House debates

Tuesday, 18 March 2008

Interstate Road Transport Charge Amendment Bill 2008; Road Transport Charges (Australian Capital Territory) Repeal Bill 2008

Second Reading

7:53 pm

Photo of Bruce ScottBruce Scott (Maranoa, National Party) Share this | Hansard source

I rise to speak on the Interstate Road Transport Charge Amendment Bill 2008 before the House this evening. This new Labor government says that it will govern for all Australians, but this is the biggest slap in the face that I have ever witnessed from any government in its first 100 days of government. It is a slap in the face for the people who live outside metropolitan Australia. The tax rise that will accrue over time from this bill is going to impact not only on the very productive sector, the wealth-generating sector of our country, but also certainly on working families. We have heard a lot about working families from the government—working families and their costs of living. It is certainly going to impact on the resources sector—the coalmining, the oil and the gas industries, the industries which are so vital to job generation and wealth creation in our country. It is going to impact on those industries. There is not a sector of our community—the resources and agricultural sectors and the families who live in rural Australia and work in the jobs which are obviously created from these sectors—that will not be affected adversely by the passage of this bill.

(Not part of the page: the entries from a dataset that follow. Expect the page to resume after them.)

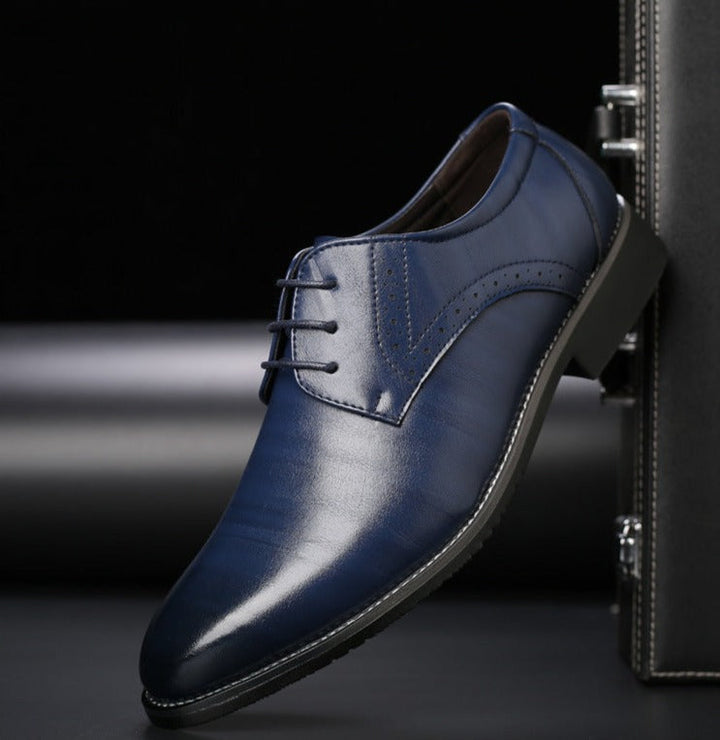 Chaussures de ville homme à lacets, idéales pour les affaires ou un événement habillé, offrant élégance et maintien.
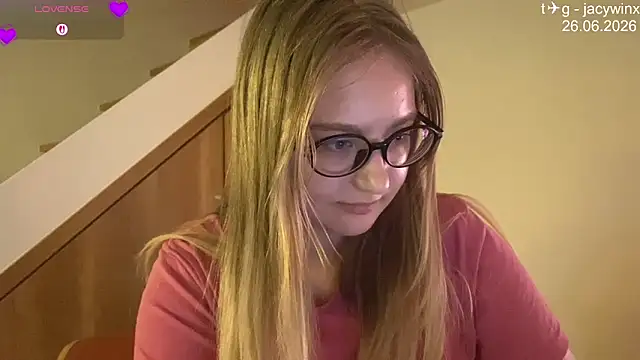 Snapshot of JacyWinslat chatting on June 26, 2026, 10:54 am JacyWinslat online show from June 26, 2026, 10:54 am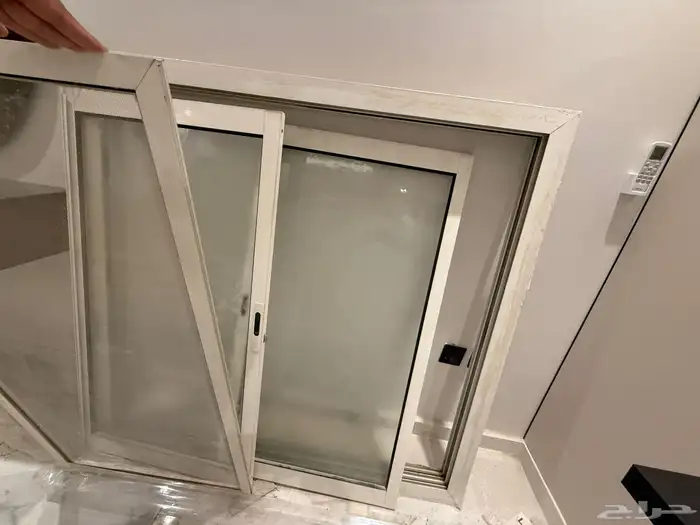 شباك للبيع 1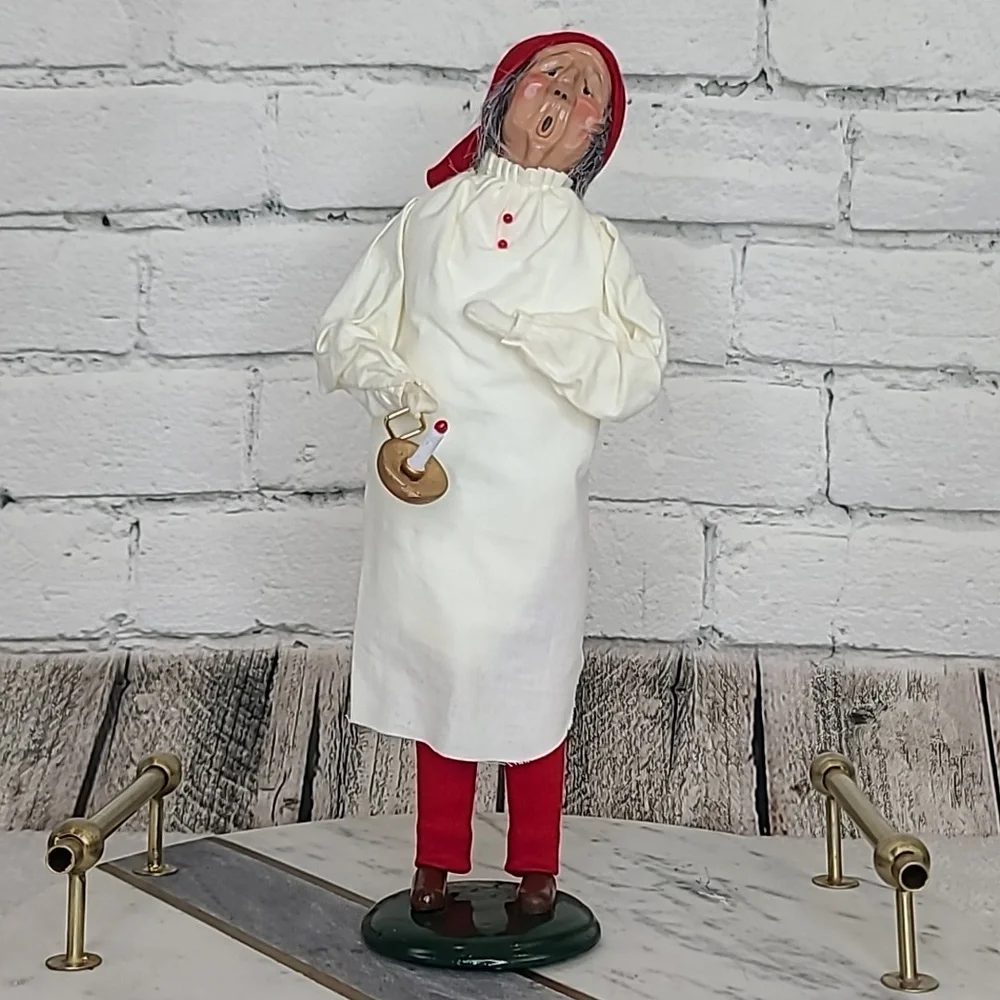 Byers' Choice Caroler 1984/93 2nd Ed. Scrooge From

I represent an electorate that is almost half the land mass of Queensland, although my electorate is not quite as big as the electorate of the member for Kalgoorlie. Located in my electorate is the Surat coal basin, the largest coal reserve in Australia. It is unexploited at the moment, but over the next two years these resources will be developed by international mining companies, with demand coming from overseas, particularly from China. In the far west of my electorate—in fact, near my home town of Roma—we have the gas industry. We have coal seam methane gas. We also have gas right out in the Moomba and the Jackson oilfields and the Cooper oil and gas basin. These resources rely on the trucking industry to bring the goods and the machinery in and to service these great resources. The gas industry in the Cooper basin, with pipeline connections to Adelaide, Melbourne, Sydney, Brisbane, Mount Isa and Townsville, is driving industry and generating electricity—electricity needed by all Australians on the eastern seaboard. It is clean electricity in many cases, particularly when gas is used. I have seen the trucks that go out to the Cooper oil and gas basin and service these oil and gas wells. One company alone has brought in huge oil and gas drilling rigs from America. They have to go out over very unfriendly dirt or gibber roads. They are not sealed roads; they are not main highways. These are roads in very remote parts of Australia. These companies will be impacted upon by this legislation, should it pass both houses of this parliament.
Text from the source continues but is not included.